Elections in Nigeria are typically colourful for many reasons – the promises made by candidates; the achievements adduced as reasons for votes and the social media bants amongst others. They also throw up personalities – the old guard reasserting their relevance and upstarts who scream, “away with gerontocracy”! This time around though, other personalities have jumped into the fray. The political stage is playing host to crooners, thespians and comedians – and not just as brand ambassadors or endorsers. The Glitterati, banking on the power of their personal brands are determined to actively trade them for political equity.

Abolore Adigun (9ice), Desmond Elliot, Kate Henshaw and Tony Tetuila to name a few are towing the footsteps of their western counterparts – Al Franken, Arnold Schwarzenegger, Ronald Reagan and Clint Eastwood as they make the transition from big screen and stage to Government house.

A famous example of an entertainer turned politician is Arnold Schwarzenegger of the Terminator Trilogy fame. In 1990, President George H.W. Bush appointed him to the President’s Council on Physical Fitness and Sports, in which he served from 1990 to 1993. He was Chairman of the California Governor’s Council on Physical Fitness and Sports under Governor Pete Wilson and in 2003, he won the recall election against Governor Davis to become the Governor of California. Schwarzenegger was then re-elected in California’s 2006 gubernatorial election, to serve a full term as governor, defeating Democrat Phil Angelides, who was California State Treasurer at the time. However, his approval ratings hit an all-time low of 27% in 2009 and 22% when he left office in 2011, with a state budget deficit of $28 billion.

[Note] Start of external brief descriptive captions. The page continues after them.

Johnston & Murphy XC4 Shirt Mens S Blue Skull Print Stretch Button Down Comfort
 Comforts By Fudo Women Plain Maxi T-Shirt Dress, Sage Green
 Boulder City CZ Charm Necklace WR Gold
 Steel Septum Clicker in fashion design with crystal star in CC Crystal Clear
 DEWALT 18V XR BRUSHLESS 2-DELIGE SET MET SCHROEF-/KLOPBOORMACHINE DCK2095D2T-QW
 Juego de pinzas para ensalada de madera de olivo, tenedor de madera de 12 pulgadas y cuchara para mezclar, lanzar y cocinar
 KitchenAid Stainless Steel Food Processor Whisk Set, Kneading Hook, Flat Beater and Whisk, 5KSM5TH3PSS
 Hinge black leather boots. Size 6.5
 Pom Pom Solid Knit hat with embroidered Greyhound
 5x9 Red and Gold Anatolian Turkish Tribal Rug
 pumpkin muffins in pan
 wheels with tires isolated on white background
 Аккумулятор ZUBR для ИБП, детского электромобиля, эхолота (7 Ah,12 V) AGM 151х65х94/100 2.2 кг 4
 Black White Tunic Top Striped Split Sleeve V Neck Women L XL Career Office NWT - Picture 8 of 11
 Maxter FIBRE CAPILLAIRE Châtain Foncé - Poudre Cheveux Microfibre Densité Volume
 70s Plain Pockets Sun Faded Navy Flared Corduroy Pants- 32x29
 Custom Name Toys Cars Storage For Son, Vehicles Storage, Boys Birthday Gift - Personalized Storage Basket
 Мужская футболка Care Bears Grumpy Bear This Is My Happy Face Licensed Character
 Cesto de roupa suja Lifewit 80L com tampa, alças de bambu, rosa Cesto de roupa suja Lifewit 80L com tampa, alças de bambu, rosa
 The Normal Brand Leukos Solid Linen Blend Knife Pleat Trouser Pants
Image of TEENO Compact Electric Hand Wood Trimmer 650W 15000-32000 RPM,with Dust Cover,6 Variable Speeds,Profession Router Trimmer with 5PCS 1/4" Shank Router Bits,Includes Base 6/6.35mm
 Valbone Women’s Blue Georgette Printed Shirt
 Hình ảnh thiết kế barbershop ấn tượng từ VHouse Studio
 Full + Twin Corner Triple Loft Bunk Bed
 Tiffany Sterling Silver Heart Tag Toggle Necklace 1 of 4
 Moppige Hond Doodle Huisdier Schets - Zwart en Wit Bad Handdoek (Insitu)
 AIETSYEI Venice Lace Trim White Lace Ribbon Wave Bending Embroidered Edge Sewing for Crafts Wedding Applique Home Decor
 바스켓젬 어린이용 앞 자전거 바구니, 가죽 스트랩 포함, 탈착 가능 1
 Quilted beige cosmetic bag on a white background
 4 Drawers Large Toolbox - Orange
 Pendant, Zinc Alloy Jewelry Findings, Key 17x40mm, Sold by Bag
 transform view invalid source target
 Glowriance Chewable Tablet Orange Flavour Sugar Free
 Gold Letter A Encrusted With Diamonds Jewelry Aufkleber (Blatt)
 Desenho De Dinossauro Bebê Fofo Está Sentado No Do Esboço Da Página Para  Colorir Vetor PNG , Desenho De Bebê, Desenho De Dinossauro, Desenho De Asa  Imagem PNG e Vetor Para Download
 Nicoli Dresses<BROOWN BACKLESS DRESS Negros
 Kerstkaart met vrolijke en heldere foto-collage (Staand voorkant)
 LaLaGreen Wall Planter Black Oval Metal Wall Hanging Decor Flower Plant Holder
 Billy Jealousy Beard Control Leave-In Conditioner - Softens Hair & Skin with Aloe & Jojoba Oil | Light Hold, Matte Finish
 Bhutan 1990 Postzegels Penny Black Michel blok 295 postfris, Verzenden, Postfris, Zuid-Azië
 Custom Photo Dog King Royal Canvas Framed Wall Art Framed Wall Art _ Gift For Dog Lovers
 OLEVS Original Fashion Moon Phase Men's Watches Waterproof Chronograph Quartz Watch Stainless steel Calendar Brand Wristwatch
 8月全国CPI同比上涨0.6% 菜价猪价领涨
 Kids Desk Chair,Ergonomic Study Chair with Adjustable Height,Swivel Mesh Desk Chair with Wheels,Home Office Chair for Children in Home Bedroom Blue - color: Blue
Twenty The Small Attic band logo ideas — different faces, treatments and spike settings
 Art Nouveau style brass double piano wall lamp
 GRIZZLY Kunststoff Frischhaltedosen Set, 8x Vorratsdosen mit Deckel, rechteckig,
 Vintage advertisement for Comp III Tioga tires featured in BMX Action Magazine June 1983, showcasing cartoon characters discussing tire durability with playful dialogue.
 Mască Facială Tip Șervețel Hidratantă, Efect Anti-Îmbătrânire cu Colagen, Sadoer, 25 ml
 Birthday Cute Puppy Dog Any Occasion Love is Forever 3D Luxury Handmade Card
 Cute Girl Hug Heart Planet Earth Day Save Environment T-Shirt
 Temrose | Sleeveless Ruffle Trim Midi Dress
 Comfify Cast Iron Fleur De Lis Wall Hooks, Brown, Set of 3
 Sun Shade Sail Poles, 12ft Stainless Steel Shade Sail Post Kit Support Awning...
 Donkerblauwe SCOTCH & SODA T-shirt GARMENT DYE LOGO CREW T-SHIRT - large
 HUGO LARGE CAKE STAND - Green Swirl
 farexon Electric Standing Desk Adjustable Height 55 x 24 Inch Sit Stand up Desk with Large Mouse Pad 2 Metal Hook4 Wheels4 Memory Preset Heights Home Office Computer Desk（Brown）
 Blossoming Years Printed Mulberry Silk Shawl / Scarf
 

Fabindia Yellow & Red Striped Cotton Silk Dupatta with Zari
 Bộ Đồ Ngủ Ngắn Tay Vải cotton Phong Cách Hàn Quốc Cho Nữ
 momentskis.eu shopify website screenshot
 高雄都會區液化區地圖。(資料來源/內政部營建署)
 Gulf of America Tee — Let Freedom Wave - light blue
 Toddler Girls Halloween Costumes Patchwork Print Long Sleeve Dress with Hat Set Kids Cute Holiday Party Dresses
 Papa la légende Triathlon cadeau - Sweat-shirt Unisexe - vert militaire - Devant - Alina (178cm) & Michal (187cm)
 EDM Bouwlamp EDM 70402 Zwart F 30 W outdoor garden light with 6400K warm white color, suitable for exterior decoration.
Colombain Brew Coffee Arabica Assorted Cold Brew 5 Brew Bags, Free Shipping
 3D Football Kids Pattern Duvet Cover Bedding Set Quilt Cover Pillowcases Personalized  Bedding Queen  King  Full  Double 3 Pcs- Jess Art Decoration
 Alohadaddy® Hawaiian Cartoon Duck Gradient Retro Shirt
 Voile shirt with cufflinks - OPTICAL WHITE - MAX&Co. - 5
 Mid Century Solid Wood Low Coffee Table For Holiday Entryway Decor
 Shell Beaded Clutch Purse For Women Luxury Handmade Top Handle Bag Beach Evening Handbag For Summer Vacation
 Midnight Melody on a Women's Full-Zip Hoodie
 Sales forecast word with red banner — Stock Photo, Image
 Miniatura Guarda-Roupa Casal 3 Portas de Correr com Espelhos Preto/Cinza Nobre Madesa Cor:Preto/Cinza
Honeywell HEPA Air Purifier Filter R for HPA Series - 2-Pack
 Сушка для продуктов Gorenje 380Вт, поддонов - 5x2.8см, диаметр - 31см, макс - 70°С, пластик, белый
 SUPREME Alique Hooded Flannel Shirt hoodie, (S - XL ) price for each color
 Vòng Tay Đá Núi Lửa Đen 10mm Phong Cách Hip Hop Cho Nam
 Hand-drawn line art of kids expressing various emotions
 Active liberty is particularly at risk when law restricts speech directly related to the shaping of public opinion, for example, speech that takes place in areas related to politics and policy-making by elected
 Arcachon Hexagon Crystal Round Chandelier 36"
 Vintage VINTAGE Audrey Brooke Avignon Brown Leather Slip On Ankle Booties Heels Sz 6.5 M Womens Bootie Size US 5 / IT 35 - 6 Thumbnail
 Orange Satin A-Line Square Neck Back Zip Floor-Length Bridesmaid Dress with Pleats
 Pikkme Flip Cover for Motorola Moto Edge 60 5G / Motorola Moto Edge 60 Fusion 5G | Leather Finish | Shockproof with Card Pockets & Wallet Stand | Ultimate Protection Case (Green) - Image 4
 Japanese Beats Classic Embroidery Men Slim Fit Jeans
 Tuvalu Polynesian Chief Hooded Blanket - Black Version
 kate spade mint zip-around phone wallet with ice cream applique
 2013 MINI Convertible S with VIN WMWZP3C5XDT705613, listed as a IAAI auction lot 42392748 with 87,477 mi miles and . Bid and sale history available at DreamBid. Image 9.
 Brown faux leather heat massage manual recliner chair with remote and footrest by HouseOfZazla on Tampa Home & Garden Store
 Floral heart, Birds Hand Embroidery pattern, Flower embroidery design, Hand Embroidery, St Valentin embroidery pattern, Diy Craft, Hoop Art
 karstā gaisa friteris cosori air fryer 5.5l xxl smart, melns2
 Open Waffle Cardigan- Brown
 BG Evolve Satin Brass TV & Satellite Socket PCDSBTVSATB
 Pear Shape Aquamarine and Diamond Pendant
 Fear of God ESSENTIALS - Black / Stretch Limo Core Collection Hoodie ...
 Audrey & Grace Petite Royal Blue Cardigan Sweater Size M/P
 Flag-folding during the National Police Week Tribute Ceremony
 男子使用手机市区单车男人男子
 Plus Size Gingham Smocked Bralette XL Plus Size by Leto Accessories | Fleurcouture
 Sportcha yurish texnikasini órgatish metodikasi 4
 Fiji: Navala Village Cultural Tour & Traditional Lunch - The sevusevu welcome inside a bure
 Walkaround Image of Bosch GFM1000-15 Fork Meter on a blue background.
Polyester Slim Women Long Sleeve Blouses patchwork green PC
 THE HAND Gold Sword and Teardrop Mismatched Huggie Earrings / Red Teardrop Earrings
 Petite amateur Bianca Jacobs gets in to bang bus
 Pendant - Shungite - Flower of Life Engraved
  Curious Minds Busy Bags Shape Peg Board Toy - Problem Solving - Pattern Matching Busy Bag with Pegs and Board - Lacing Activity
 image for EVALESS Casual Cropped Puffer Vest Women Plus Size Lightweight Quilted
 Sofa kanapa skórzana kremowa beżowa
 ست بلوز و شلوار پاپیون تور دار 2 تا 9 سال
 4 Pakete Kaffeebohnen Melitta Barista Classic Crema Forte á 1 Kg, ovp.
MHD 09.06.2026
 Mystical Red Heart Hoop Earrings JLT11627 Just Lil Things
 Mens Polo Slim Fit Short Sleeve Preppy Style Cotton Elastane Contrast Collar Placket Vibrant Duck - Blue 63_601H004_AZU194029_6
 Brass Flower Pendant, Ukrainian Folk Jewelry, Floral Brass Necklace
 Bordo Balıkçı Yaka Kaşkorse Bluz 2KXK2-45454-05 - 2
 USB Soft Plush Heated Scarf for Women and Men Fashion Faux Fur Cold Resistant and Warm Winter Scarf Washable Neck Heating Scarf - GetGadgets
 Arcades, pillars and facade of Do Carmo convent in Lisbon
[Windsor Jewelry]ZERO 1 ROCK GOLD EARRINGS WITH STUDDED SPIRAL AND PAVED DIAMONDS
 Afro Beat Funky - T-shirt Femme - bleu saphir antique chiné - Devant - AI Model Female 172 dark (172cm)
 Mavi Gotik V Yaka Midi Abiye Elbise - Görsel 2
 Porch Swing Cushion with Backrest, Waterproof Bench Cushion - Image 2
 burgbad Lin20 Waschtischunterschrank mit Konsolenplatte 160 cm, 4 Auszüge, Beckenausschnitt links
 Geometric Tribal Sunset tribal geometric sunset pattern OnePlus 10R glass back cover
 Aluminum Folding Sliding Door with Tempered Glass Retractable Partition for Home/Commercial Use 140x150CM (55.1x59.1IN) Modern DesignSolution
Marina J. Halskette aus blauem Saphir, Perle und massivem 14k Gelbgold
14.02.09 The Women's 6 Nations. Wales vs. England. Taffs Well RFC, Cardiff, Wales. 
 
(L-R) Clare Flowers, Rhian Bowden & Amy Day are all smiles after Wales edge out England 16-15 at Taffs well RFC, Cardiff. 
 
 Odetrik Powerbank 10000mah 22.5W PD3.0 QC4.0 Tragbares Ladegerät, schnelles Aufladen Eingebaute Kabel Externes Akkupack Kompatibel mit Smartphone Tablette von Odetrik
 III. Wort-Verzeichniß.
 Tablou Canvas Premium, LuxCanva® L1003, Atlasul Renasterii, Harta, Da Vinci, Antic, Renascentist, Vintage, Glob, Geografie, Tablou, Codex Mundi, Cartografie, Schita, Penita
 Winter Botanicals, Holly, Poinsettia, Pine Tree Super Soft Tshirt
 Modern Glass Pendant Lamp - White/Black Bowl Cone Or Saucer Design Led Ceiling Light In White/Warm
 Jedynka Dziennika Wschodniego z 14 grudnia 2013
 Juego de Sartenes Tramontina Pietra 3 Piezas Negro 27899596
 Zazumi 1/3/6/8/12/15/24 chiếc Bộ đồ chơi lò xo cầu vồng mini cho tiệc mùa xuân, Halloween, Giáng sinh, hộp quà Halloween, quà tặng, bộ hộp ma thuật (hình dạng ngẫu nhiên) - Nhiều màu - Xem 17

Another example of an actor turned politician is Ronald Reagan. Ronald Reagan initially chose a career in entertainment, appearing in more than 50 films. While in Hollywood, he served as president of the Screen Actor’s Guild. In 1964, he began his political career as a Democrat. He announced in late 1965 his campaign for Governor of California. Ronald Reagan accomplished in 1966 what US Senator William F. Knowland in 1958 and former Vice-President Richard M. Nixon in 1962 had tried: he was elected, defeating two-term governor Edmund G. “Pat” Brown, and was sworn in on January 2, 1967. Shortly after the beginning of his term, Reagan tested the presidential waters in 1968. He was re-elected Governor in 1970. Reagan became president in 1981 and served for two terms. His approval ratings in 1988, shortly before he left office, were at 63%.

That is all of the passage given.